- [WORK TO COMPLETE] Quote the entries below from the line with "Hey, I'm Bilge." through the line with "The Google Pixel", both ends included, and only those lines.

··· DATA RECORDS

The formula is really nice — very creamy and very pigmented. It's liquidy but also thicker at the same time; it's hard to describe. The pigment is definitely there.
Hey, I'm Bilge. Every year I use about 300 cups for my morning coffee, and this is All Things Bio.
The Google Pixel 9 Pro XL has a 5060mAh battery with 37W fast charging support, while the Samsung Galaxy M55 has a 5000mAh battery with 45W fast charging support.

······
··· DATA RECORDS

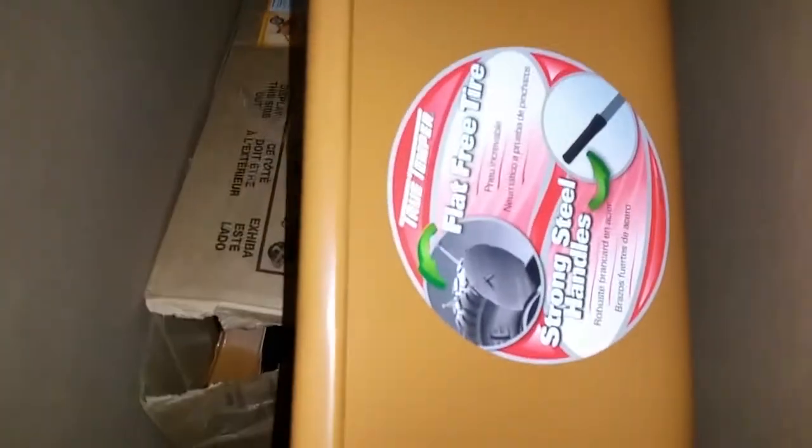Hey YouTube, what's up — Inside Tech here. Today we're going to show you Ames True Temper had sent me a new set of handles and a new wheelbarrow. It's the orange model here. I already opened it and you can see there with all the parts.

······

- [YOUR RESPONSE]
Hey, I'm Bilge. Every year I use about 300 cups for my morning coffee, and this is All Things Bio.
The Google Pixel 9 Pro XL has a 5060mAh battery with 37W fast charging support, while the Samsung Galaxy M55 has a 5000mAh battery with 45W fast charging support.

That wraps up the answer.